Fix Version/s: None
Sprint:AP F20-4 (September), AP F20-5 (October)
Ingesting HiTS2015 takes a very long time in Gen 3; after 30 minutes on lsst-devl01, it had not yet finished the preliminary import used to create an independent repository. This is unexpected, since of the affected datasets (calibs, crosstalk, defects, refcats, templates), only templates should scale up in size with the overall dataset size, and only defects and refcats should require file copies. For comparison, the entire import of CI-HiTS2015 takes 30 seconds.
Run tests comparing the current Gen 2 and Gen 3 behavior to confirm whether the latter is much slower. If so, track down the cause.
The 160 million calls to the hash updater rather than ~ 12 million is very concerning to me. It suggests that there are some cases where this line goes completely haywire. https://github.com/lsst/daf_butler/blob/master/python/lsst/daf/butler/datastores/fileLikeDatastore.py#L1481 That is concerning so maybe it should be reorganized (although this is a very common approach). Maybe weird things happen over mounted file systems where you ask for 8kB of data but you get a lot less?
Forcing checksum to be false in a datastore config seems fine.
Fundamentally, when read() says it can read at most N bytes I've never actually seen it do that in real life (apart from when reading the final part of a file). It seems like in this case it is mostly returning far fewer bytes per read call so it seems like we can't do anything about that.

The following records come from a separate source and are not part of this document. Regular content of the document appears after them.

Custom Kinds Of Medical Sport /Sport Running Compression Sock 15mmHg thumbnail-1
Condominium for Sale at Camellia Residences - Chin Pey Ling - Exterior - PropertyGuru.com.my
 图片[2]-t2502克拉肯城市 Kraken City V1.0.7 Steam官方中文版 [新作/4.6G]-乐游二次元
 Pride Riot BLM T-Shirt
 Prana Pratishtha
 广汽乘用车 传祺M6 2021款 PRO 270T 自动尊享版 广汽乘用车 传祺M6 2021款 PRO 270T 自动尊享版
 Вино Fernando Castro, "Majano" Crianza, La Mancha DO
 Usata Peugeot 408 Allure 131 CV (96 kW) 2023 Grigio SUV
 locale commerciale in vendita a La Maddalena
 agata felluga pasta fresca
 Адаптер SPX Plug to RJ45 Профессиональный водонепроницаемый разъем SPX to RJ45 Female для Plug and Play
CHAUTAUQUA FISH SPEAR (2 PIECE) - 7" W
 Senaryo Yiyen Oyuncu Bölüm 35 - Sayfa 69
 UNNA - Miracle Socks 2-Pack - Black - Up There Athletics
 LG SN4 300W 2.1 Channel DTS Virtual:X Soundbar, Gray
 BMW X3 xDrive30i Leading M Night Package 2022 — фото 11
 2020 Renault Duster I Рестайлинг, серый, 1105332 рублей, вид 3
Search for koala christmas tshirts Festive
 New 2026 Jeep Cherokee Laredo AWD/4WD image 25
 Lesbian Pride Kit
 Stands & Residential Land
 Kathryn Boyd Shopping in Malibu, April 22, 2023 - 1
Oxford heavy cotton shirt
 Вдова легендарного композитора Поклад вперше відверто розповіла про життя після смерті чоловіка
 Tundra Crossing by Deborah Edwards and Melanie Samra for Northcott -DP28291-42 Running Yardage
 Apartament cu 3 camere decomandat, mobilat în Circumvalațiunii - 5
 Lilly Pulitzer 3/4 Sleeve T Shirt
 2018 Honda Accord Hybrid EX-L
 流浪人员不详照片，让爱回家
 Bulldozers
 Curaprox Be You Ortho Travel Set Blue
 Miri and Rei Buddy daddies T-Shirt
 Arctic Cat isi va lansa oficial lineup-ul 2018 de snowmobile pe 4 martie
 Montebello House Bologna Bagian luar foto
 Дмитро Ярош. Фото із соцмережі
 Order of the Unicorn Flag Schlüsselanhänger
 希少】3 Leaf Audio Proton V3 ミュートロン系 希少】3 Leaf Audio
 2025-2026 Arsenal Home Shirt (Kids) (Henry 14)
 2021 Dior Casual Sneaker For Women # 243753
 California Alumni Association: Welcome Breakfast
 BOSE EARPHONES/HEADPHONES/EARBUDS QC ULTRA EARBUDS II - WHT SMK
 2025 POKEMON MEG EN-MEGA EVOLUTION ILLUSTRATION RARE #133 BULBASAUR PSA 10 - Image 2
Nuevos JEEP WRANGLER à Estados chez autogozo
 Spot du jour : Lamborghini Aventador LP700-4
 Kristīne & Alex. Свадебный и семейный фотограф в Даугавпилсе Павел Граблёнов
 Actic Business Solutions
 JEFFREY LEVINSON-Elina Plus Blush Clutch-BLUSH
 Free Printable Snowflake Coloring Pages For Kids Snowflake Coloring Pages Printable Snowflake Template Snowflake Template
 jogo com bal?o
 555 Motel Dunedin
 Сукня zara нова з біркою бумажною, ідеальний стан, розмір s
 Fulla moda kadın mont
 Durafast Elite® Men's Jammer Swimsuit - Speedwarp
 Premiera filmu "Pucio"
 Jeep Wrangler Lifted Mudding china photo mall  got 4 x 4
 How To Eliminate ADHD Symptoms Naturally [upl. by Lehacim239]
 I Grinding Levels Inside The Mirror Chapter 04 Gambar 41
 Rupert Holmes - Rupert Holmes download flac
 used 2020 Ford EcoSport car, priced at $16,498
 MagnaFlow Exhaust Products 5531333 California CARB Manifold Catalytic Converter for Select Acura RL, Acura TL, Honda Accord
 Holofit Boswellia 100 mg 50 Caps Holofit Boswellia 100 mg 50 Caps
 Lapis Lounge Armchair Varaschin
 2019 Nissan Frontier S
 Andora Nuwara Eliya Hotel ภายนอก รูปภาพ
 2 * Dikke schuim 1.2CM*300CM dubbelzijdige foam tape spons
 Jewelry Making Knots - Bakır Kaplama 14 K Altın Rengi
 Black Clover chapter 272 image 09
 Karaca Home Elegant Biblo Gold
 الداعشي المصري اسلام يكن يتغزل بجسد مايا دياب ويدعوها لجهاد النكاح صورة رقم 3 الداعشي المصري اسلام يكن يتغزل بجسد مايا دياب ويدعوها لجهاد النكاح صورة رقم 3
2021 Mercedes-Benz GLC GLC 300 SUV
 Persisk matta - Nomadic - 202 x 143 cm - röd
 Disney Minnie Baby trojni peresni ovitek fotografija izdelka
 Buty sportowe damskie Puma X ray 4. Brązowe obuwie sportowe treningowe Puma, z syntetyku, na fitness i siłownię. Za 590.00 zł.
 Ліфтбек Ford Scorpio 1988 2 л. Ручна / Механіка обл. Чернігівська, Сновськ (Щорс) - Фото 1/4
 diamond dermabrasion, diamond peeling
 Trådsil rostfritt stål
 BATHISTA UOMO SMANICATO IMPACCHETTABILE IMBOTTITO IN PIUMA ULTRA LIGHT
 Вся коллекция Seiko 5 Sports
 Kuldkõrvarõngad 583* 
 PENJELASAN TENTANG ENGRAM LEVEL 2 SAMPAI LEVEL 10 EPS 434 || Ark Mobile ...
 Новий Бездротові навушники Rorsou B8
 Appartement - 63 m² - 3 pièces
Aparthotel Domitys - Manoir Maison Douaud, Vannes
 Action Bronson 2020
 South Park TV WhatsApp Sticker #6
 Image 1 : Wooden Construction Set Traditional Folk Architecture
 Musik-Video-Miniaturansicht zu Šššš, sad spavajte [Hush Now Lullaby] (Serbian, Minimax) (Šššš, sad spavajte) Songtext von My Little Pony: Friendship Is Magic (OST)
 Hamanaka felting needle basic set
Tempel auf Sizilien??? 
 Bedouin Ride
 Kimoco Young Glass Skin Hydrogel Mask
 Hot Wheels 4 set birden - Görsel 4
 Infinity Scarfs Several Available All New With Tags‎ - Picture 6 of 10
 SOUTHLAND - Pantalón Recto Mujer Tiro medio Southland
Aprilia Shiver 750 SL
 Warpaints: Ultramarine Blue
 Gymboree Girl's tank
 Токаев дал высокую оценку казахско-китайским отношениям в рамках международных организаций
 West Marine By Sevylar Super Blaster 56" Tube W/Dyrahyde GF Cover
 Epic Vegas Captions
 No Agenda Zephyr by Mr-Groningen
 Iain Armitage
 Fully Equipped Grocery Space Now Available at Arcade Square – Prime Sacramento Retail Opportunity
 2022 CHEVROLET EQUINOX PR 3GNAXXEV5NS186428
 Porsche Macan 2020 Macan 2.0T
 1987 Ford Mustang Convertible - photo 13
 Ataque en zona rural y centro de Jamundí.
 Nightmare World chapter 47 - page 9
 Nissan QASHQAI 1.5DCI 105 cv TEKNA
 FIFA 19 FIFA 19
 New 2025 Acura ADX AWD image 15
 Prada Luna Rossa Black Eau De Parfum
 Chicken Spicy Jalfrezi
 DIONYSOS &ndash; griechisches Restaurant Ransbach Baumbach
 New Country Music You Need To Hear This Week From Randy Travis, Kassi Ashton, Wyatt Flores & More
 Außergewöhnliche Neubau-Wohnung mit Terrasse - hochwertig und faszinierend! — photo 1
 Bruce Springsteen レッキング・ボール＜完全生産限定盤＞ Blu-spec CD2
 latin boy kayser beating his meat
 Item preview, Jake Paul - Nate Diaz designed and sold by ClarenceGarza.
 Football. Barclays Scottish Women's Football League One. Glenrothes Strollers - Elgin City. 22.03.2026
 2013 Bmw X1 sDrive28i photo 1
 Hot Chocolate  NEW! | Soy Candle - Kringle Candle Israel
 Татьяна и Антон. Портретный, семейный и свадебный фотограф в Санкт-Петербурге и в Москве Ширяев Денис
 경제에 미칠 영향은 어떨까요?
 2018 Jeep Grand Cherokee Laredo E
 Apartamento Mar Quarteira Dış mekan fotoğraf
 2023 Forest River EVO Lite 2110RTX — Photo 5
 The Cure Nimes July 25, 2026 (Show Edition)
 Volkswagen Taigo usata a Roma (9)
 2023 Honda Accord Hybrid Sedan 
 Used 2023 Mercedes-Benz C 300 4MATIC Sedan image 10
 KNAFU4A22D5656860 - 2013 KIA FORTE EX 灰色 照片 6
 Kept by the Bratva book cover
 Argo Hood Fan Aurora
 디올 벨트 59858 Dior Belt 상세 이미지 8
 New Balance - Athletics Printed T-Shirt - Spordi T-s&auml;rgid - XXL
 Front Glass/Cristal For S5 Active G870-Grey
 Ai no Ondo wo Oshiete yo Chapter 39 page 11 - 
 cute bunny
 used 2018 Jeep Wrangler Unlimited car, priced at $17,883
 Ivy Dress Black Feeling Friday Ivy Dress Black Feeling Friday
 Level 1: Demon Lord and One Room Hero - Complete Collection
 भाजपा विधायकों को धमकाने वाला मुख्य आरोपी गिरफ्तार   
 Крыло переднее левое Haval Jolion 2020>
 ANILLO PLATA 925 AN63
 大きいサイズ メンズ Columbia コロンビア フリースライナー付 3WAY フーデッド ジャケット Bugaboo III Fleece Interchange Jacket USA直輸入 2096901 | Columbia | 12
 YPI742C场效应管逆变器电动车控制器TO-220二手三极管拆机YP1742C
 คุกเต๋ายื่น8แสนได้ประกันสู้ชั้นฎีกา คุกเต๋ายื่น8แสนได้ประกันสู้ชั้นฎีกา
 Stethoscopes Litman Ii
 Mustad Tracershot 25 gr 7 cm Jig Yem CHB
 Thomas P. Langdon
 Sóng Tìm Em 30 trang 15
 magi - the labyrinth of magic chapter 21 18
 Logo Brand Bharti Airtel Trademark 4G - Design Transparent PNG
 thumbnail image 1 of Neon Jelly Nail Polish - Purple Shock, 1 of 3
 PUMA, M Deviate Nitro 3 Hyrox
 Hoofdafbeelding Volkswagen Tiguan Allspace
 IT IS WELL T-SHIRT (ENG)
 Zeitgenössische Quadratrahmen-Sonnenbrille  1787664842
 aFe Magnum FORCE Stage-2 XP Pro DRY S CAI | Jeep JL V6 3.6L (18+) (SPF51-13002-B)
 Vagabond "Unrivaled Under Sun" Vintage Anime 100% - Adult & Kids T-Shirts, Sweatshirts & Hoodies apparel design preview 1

Can you take a look at the workaround, Tim Jenness? It's a 4-line change.
For the import step, we have 4795 files with a total of 50 GiB. Assuming efficient packing, this is 6.5 million 8-KiB chunks; inefficiency adds at most 1 chunk per file, which is negligible on this scale.
For the ingest step, we have 107 files with a total of 44 GiB. The same calculation gives 5.8 million 8-KiB chunks.
Thus, we expect 4902 calls to computeChecksum (observed) and 12.3 million calls to read and update (too low by an order of magnitude compared to 160 million).
I also don't understand why, if summing each chunk dominates the computation cost, the running time for import (45 minutes) is much larger than for ingest (2 minutes) – scaling closer to number of files than to number of chunks. The timings seem to include I/O overhead already, so that's not it.
In any case, if we're leaving the checksum code as-is, then I would like to enforce no checksums in the ap_verify code. Otherwise, if the default changes again it will cripple us on large runs.